Sarah, contemplating divorce, writes to Jennifer and the Spouse Support Group:
Can you, or anyone, tell me why, what the point is to remaining married if the husband or the wife has outside relationships? I don't mean the standard, pat answers like 'love', or 'financial security'. I am not asking this in a judgmental way. I am honestly wanting to know. I guess you could say I have begun to question my own values and the beliefs that I have held close to my heart and soul for all these years. What keeps the marriage special, and worth keeping intact when there is no longer anything within it that you couldn't pursue outside of the union?
Jennifer responds:
Sarah,
Your post made me think a lot. I felt very strongly, earlier in my relationship with Sean, that to be his only love was absolutely necessary for our marriage. I mean, I couldn't even consider a life in which he also loved anyone else -- it just seemed to me to destroy the basis for our special relationship. That was even when he was having anonymous sexual encounters with men...which hardly even seemed like relationships, more like "real" pornography.
I have changed on that, but only through the experience of seeing Sean in love with someone else, and seeing that it didn't change his love for me.
I actually think I still believe what you say above - that what keeps marriage special is having something in it that you don't have with anyone else. Like, my daughter has a "special" blanket -- if she had two, then they wouldn't be "special" in the same way.
But what I have had to face is: I have one place in my heart, for the man in my life -- and I put Sean in that place. To put any other man in that place, even for a night, would be to displace Sean, to make him not special to me in the same way.

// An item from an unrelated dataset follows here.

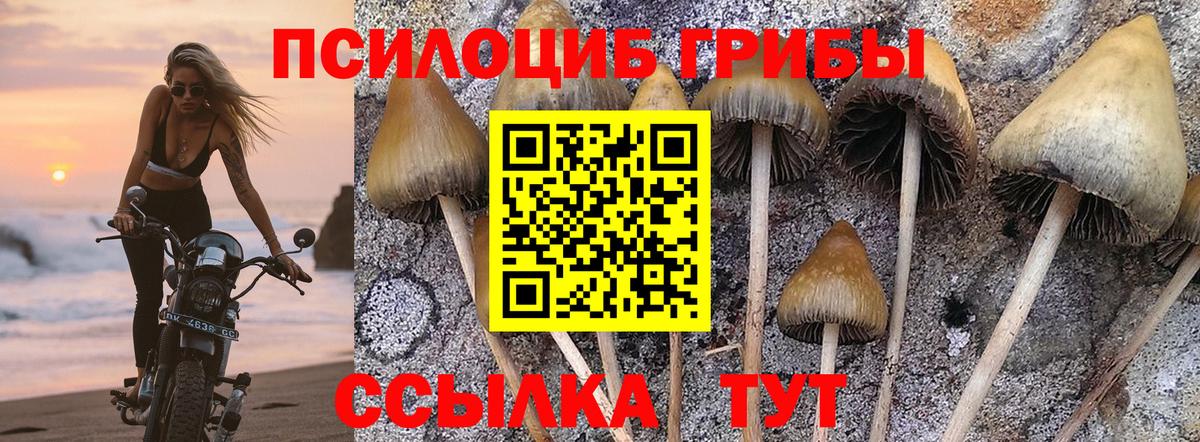 Галлюциногенные грибы Magic Shrooms Кимовск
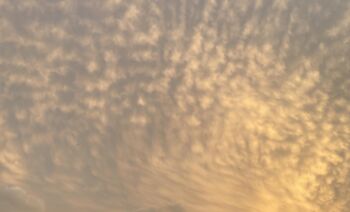 Element Licht – Gezeitenwanderung & Meditation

But Sean has two places in his heart -- one for the woman in his life, and one for the man in his life. It's bizarre, but true. I filled the place for a woman in his life, but then the place for a man was empty, and he suffered. When he found a man to fill that place, he became a fulfilled, much happier person -- the way I felt after finding him. But I don't feel that what is special to our marriage exists in his relationship with Alan - and that is special to their marriage does not exist in Sean's and my relationship. They are really very different, at the core. And one doesn't detract from the other.
Another way of saying it would be: I have two places in my heart - for my husband and for my children. One person can't fill them both. Sean has two places in his heart -- for his wife and for his husband. One person can't fill them both. To ask him to choose only one would be like asking me to choose between him and my children. Either way, my life would be partly empty.

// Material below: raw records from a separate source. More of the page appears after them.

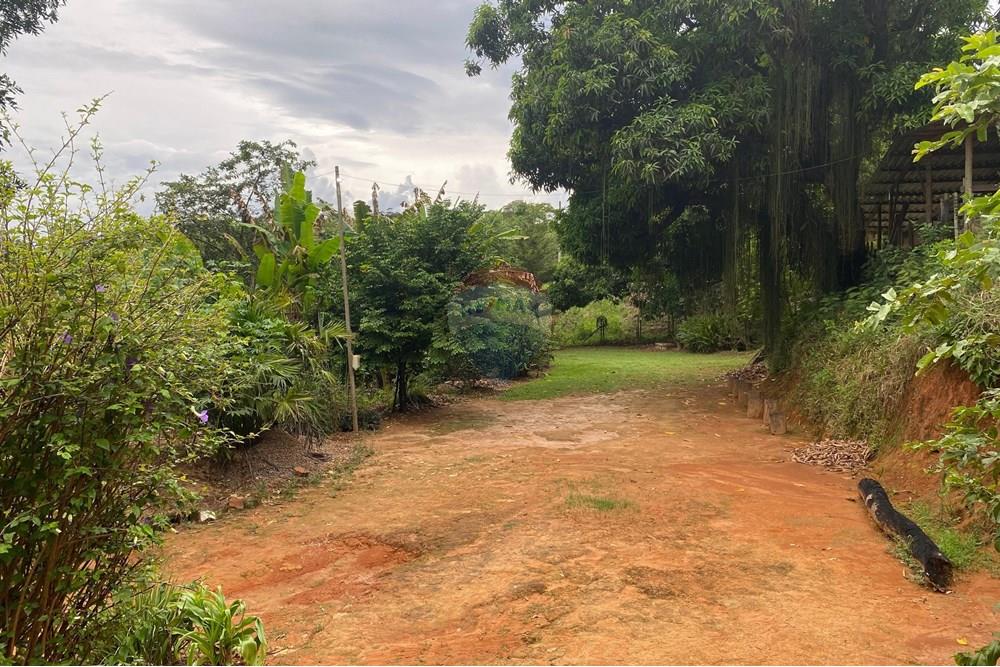 Chácara / Sítio / Fazenda - Venda - Muriaé , Minas Gerais - WhatsApp Image 2025-03-24 at 16.21.13.jpeg - Quintal - 860371002-116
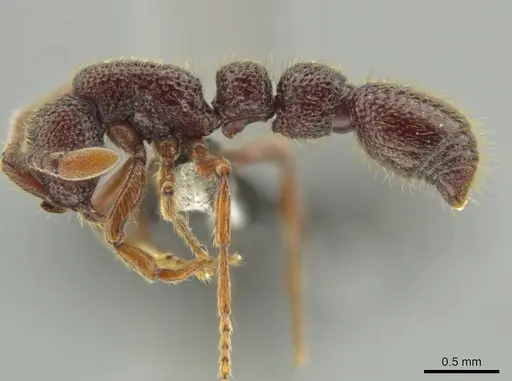 Syscia tolteca - CASENT0644416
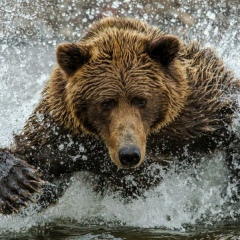 Артём Подшивалов, 15.11.1987, Екатеринбург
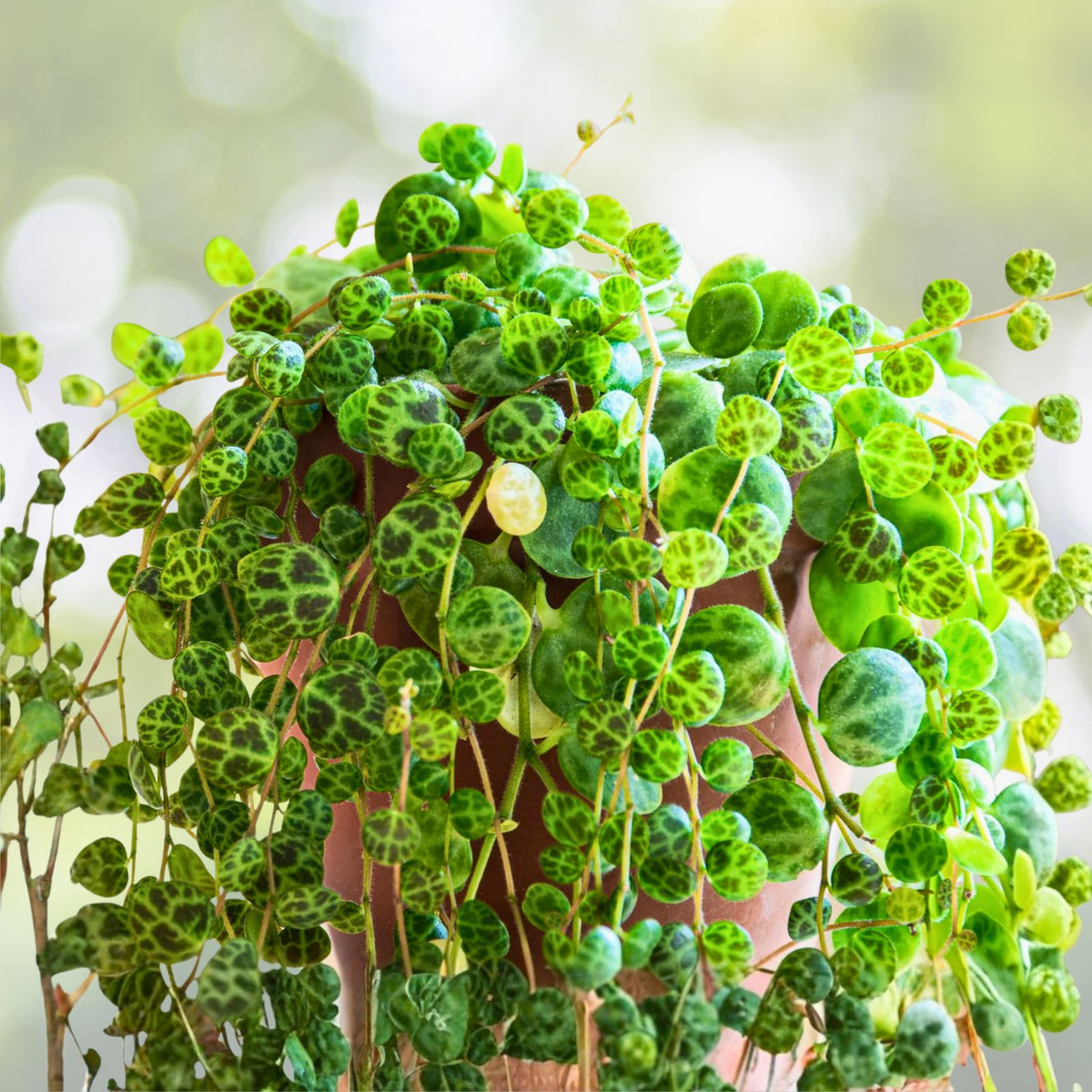 String of Turtles 6" Trailing Succulent | Peperomia Prostrata | Rare Houseplant for Indoor Gardening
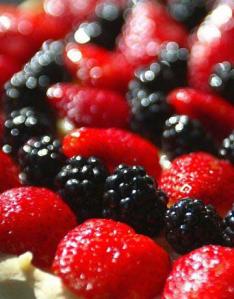 Divulga��o�/�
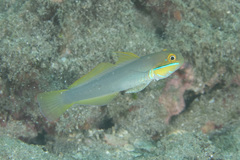 Valenciennea strigata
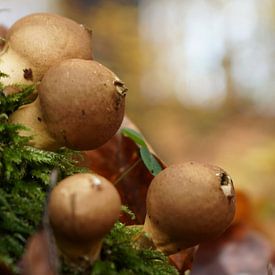 Wilde paddenstoelen van Toni Stauche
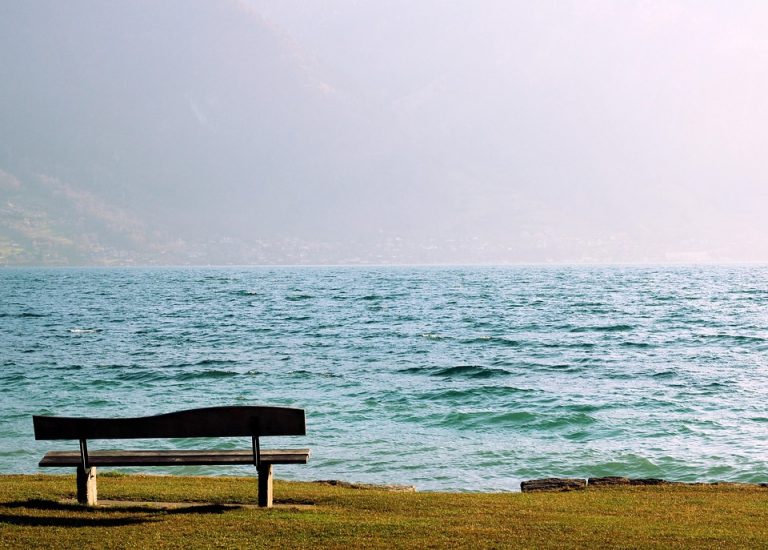 Empty bench overlooking a serene lake on a foggy day.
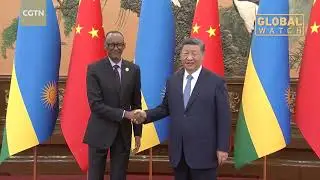 Xi Jinping: China will implement 10 partnership action plans with Africa to advance modernization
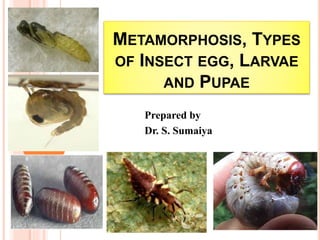 METAMORPHOSIS, TYPES
OF INSECT EGG, LARVAE
AND PUPAE
Prepared by
Dr. S. Sumaiya
 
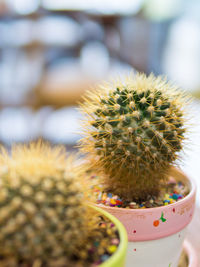 Close-up of cactus in pot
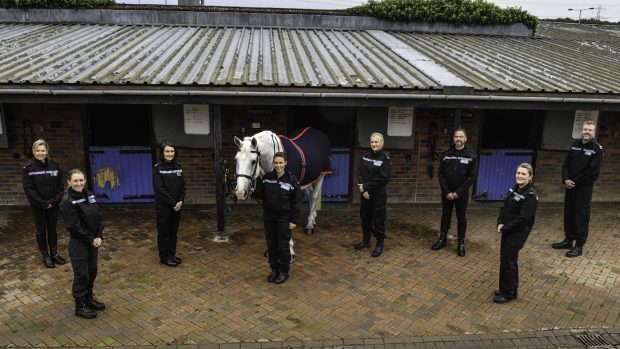 Retired police horse Breeze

Now, let me say that I DO NOT feel that Sean could be involved with another woman and still make our relationship as important. That would, for me, violate his commitment to me and his promise to make me the person who fills that place in his heart. (I feel more betrayed by a flirtation he had with a woman at work, than by all his years of sex with men). And if he became involved with another man, that would definitely be a violation and betrayal of his commitment to Alan. And Alan and I will cheerfully break both of his legs together if he tries either one!!

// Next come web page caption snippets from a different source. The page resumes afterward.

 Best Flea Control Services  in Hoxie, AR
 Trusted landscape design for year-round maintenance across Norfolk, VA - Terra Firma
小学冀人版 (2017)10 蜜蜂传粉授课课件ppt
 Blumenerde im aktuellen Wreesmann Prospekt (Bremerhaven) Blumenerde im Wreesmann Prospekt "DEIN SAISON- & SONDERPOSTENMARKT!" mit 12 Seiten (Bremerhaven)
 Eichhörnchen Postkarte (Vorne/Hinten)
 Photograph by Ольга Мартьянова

For me, where I went wrong in the beginning was in not understanding that Sean's psychology really was different from mine. I thought his loving a man would be like me loving another man, or a straight man loving another women. It just isn't true. But again, I would never have believed that except by experiencing it. When the monster I feared arrived, it turned out to be a friendly dog.
Sarah, I don't know if that makes any sense---it's the best I can do to explain how I see it, now.
I am not, at base, a polyamorous person. Nor is Alan. Nor, in a bizarre way, is Sean. When he has a man, he is not interested in any other men. When he has a woman, he is not interested in any other women. When he has a man and a woman, he has his "family" and isn't interested in love or sex with anyone else. Maybe you could call Sean "bi-ogamous" -- dually heterosexually monogamous and homosexually monogamous.
This isn't a general answer --- it is just what is true for us. I guess I'm saying that I think people really have different psychologies. Our conventional understandings of love and commitment and sexuality come from people who are "mono-sexual" - and the same things don't always apply to people who really do have more complex "love maps" (as the sexuality researcher John Money calls them).
Good luck in your struggles to understand. Please let us know your thoughts as they evolve, we're all trying to discover this new territory together!